What to do:
Pictures excluded, output the lines of the data below between the one holding "Coral Coastal Nook/" and the one holding "图片[7]-福利特价 Air Force", inclusive, exactly as they stand.

Excerpted data:
Content starts

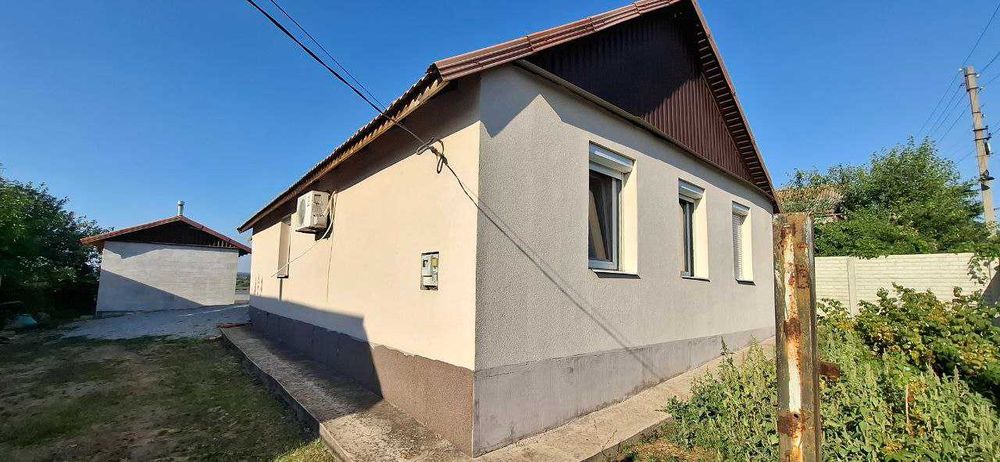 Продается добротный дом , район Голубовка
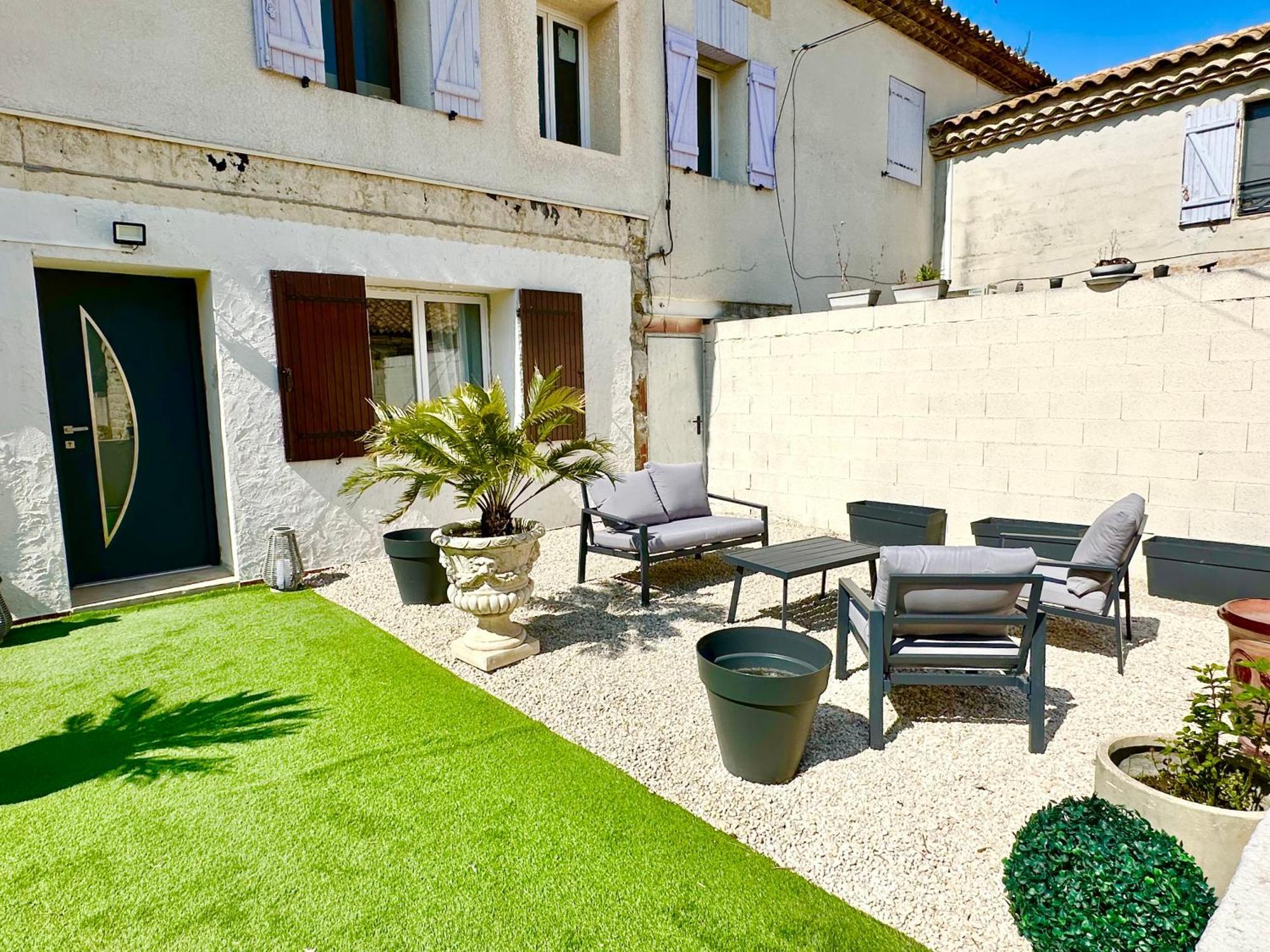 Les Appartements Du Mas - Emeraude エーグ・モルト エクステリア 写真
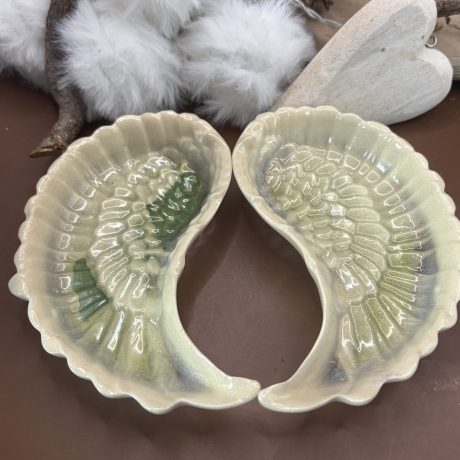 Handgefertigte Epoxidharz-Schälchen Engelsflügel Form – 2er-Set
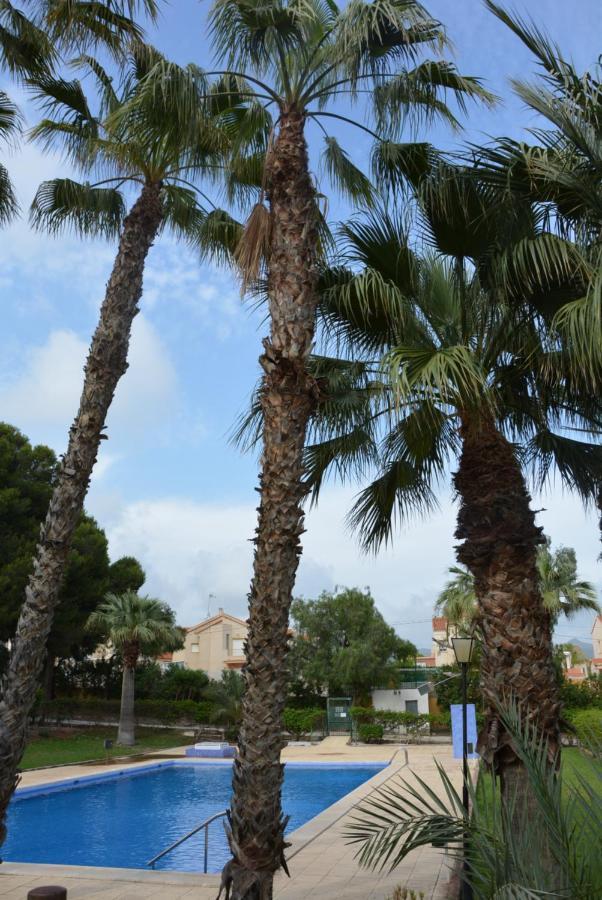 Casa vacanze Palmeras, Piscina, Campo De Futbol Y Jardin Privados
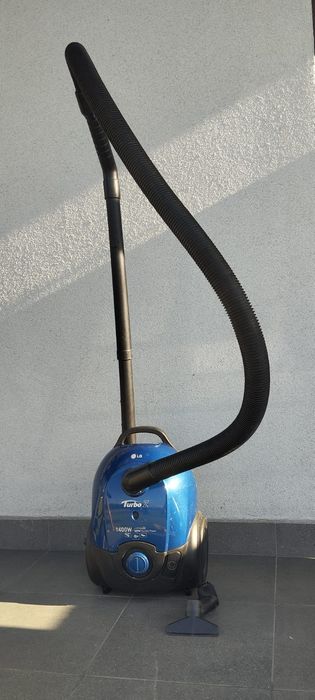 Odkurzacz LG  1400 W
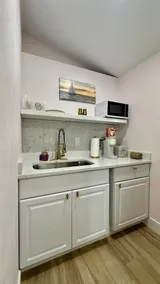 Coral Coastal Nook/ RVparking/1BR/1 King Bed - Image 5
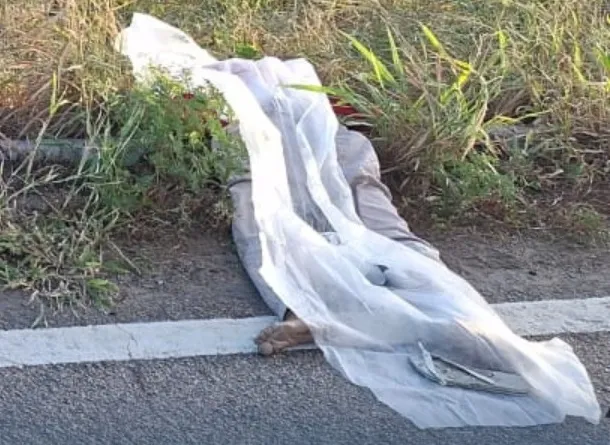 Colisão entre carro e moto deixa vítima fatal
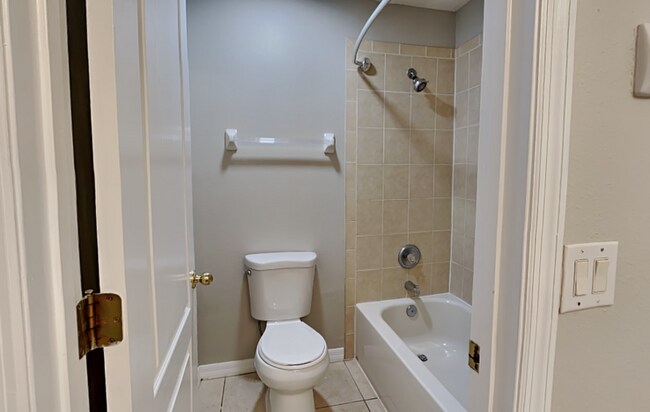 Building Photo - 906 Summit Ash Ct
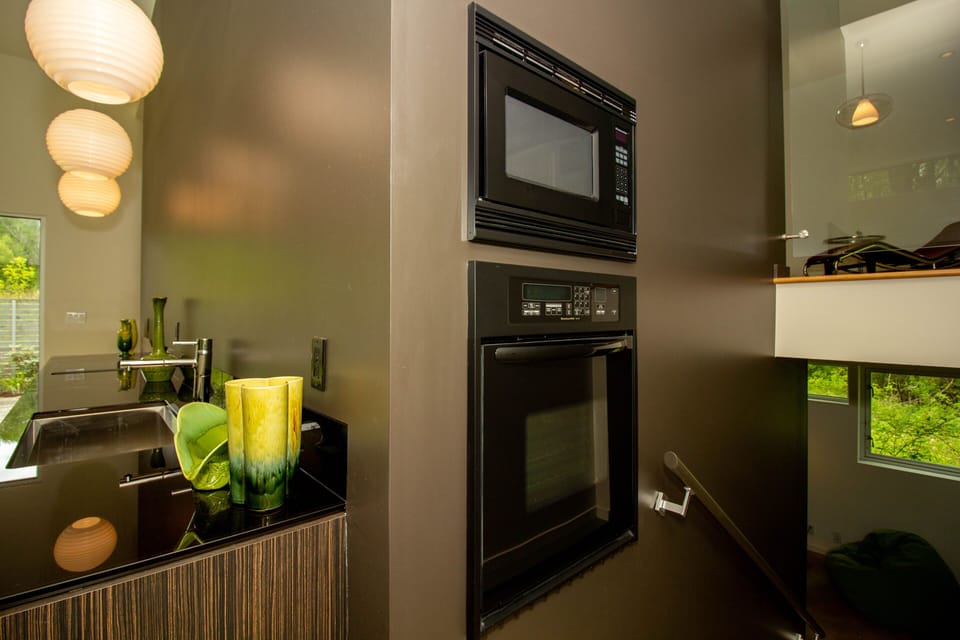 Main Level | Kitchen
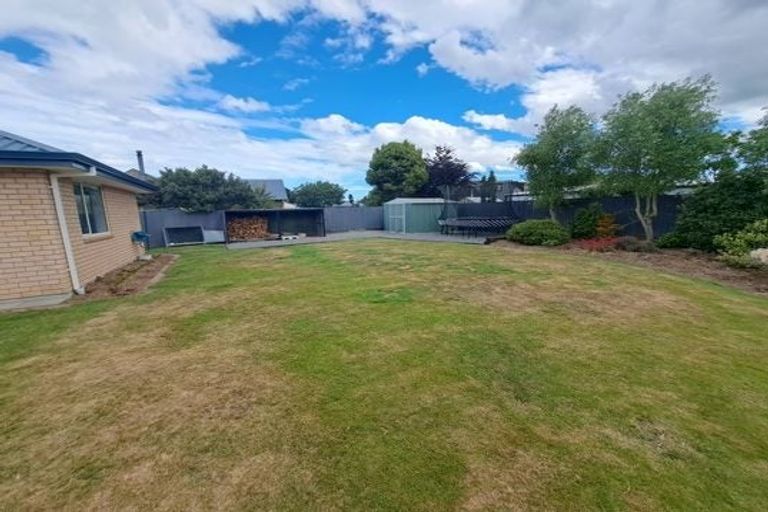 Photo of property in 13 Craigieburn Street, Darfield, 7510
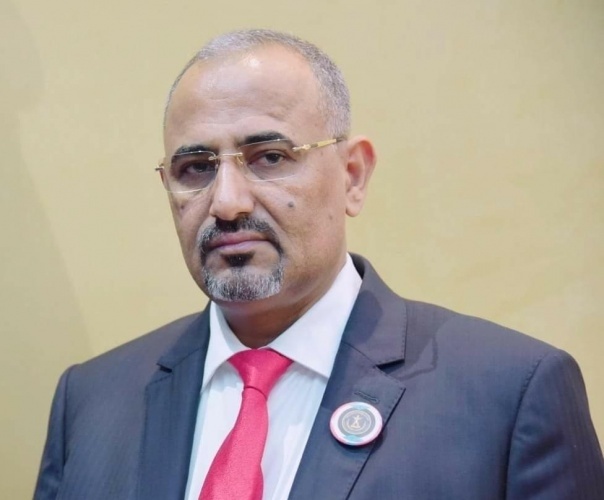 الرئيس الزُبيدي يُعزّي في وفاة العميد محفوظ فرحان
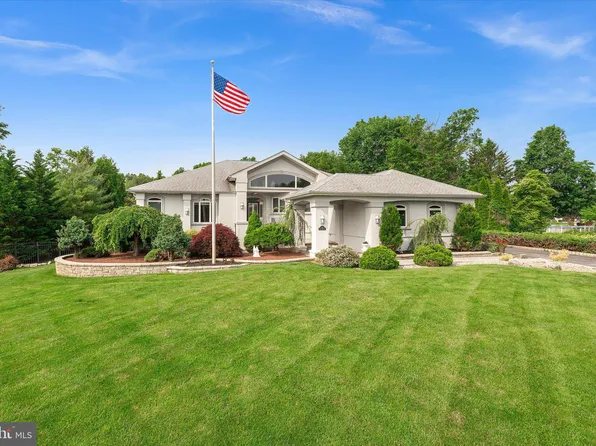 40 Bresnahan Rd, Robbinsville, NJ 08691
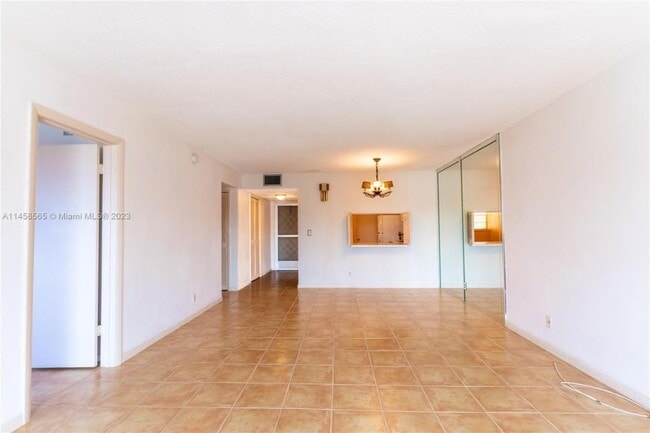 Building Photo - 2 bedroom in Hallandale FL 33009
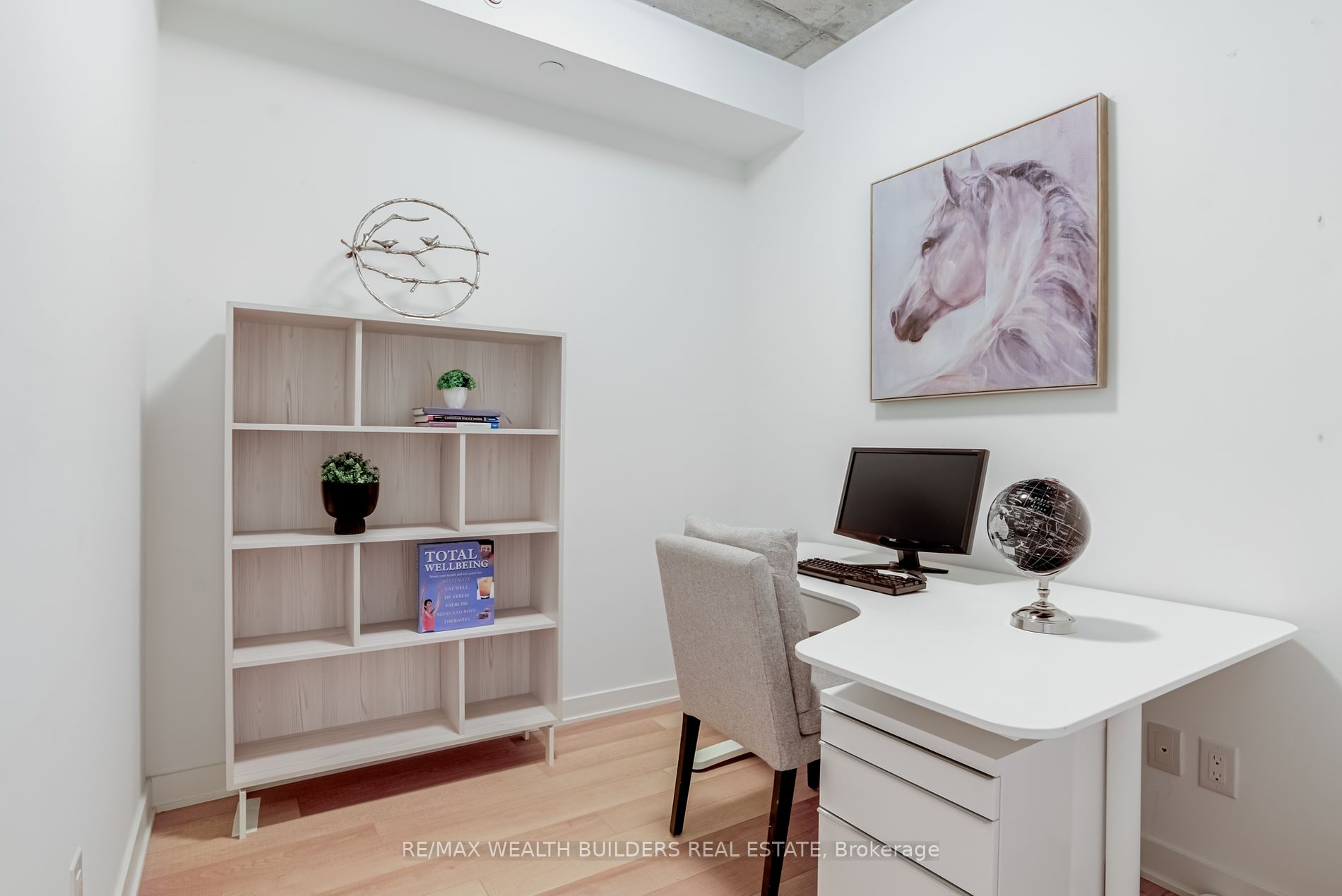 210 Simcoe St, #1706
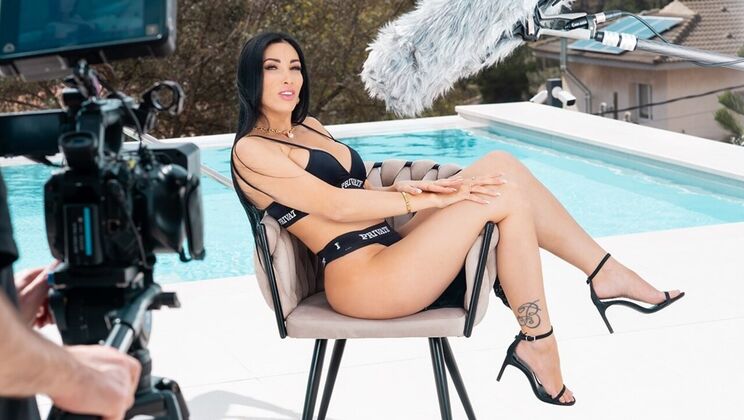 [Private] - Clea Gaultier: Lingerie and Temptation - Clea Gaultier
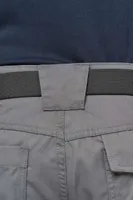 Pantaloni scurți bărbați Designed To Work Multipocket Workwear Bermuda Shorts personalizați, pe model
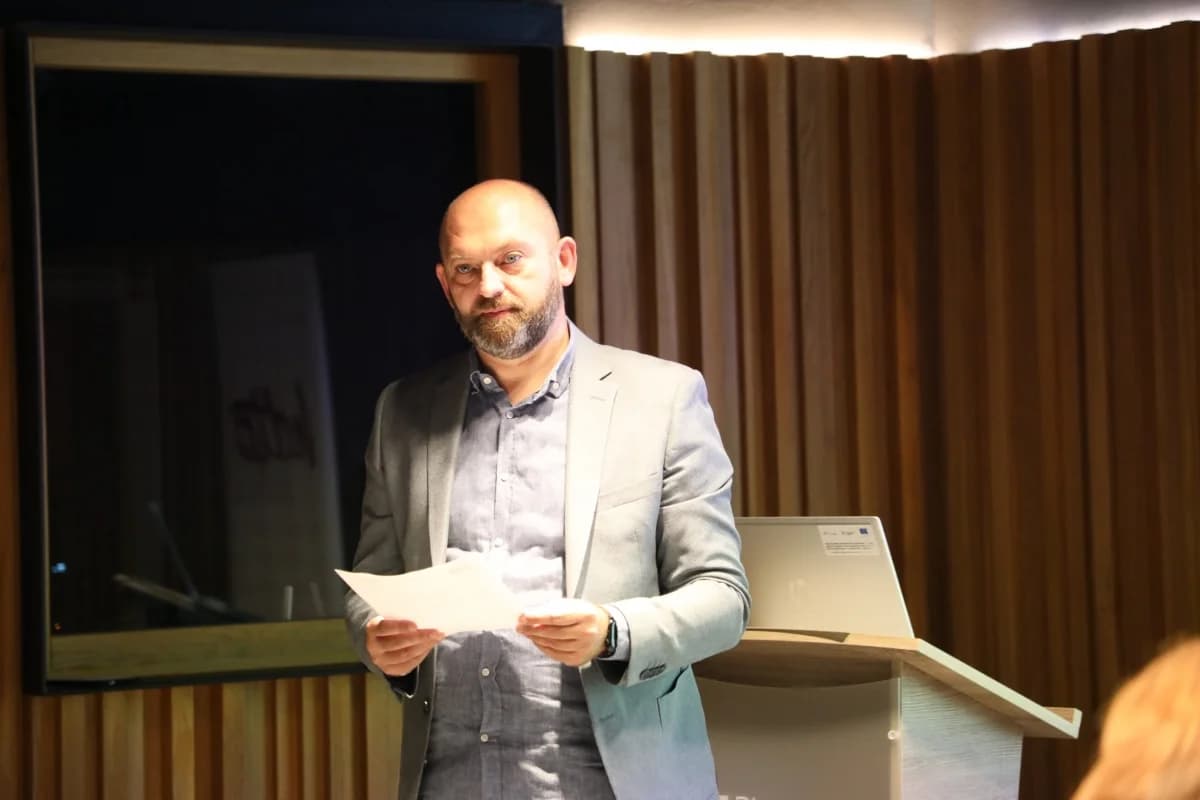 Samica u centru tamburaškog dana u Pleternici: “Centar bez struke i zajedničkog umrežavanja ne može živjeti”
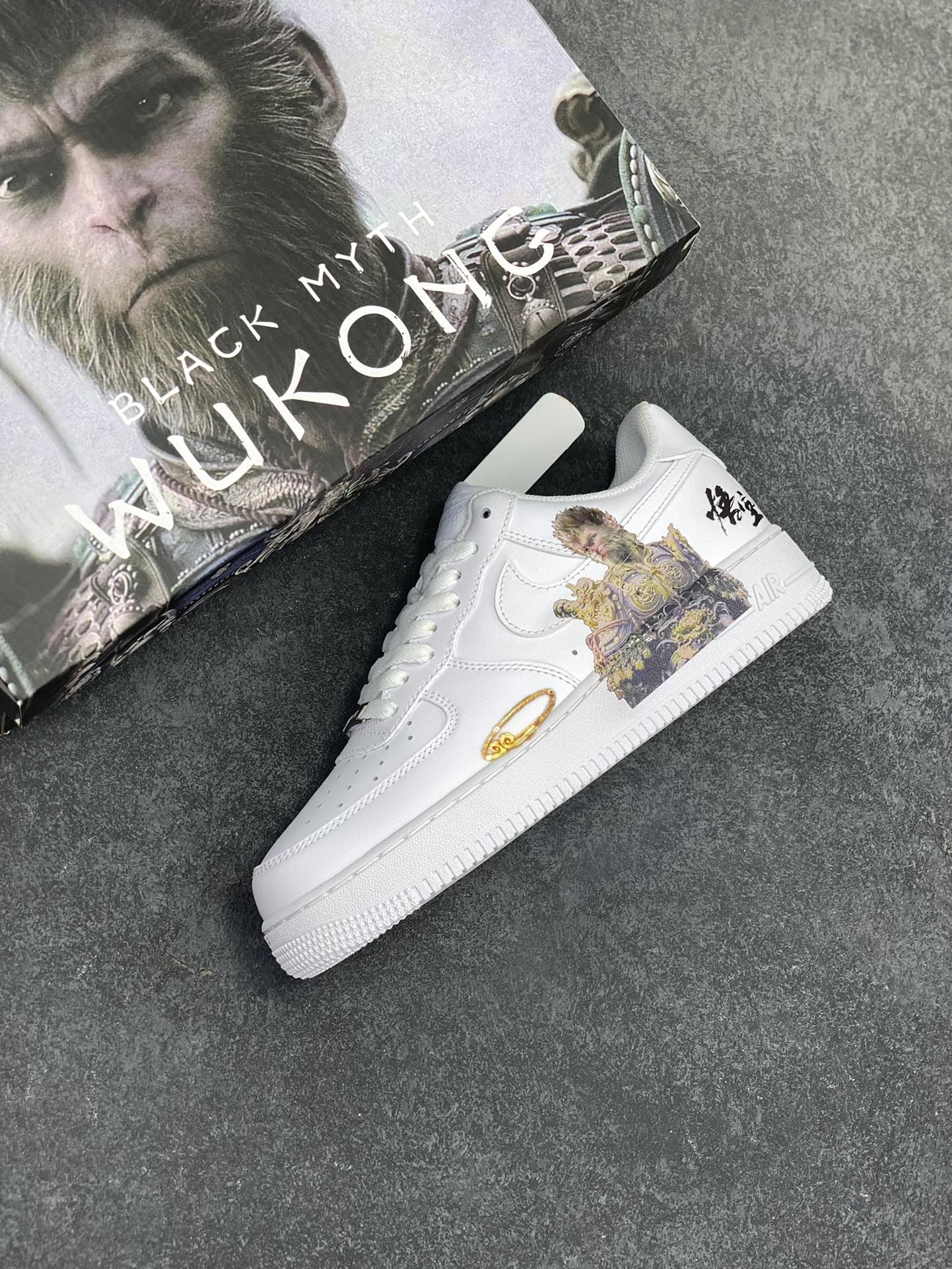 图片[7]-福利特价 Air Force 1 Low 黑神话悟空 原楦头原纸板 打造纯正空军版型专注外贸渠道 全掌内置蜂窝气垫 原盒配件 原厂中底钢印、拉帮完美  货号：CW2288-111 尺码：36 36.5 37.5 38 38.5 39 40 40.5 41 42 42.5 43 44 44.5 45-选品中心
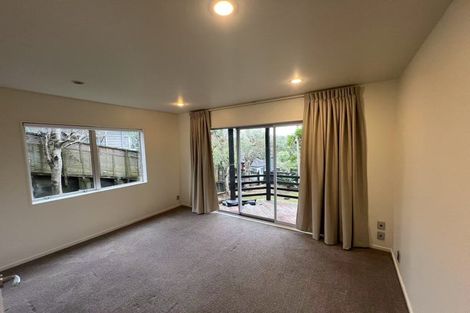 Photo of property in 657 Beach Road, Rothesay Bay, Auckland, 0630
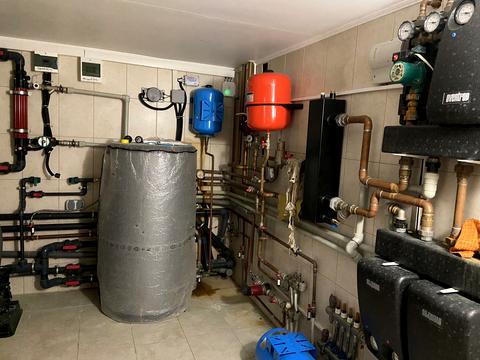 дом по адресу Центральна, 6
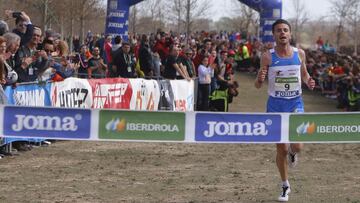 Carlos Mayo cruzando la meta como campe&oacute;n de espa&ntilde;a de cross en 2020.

Content ends

Your response:
 Coral Coastal Nook/ RVparking/1BR/1 King Bed - Image 5
 Colisão entre carro e moto deixa vítima fatal
 Building Photo - 906 Summit Ash Ct
 Main Level | Kitchen
 Photo of property in 13 Craigieburn Street, Darfield, 7510
 الرئيس الزُبيدي يُعزّي في وفاة العميد محفوظ فرحان
 40 Bresnahan Rd, Robbinsville, NJ 08691
 Building Photo - 2 bedroom in Hallandale FL 33009
 210 Simcoe St, #1706
 [Private] - Clea Gaultier: Lingerie and Temptation - Clea Gaultier
 Pantaloni scurți bărbați Designed To Work Multipocket Workwear Bermuda Shorts personalizați, pe model
 Samica u centru tamburaškog dana u Pleternici: “Centar bez struke i zajedničkog umrežavanja ne može živjeti”
 图片[7]-福利特价 Air Force 1 Low 黑神话悟空 原楦头原纸板 打造纯正空军版型专注外贸渠道 全掌内置蜂窝气垫 原盒配件 原厂中底钢印、拉帮完美  货号：CW2288-111 尺码：36 36.5 37.5 38 38.5 39 40 40.5 41 42 42.5 43 44 44.5 45-选品中心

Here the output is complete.